** Entries provided **
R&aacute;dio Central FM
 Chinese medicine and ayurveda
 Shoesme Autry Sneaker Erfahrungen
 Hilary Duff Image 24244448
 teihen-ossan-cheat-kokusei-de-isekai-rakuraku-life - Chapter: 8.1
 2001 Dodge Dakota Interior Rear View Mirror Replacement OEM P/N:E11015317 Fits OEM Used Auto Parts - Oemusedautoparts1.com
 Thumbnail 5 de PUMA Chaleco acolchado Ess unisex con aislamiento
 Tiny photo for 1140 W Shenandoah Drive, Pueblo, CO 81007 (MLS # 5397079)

** Task prompt **
Transcribe the listing so that each line matches exactly.

** Completed exercise **
R&aacute;dio Central FM
 Chinese medicine and ayurveda
 Shoesme Autry Sneaker Erfahrungen
 Hilary Duff Image 24244448
 teihen-ossan-cheat-kokusei-de-isekai-rakuraku-life - Chapter: 8.1
 2001 Dodge Dakota Interior Rear View Mirror Replacement OEM P/N:E11015317 Fits OEM Used Auto Parts - Oemusedautoparts1.com
 Thumbnail 5 de PUMA Chaleco acolchado Ess unisex con aislamiento
 Tiny photo for 1140 W Shenandoah Drive, Pueblo, CO 81007 (MLS # 5397079)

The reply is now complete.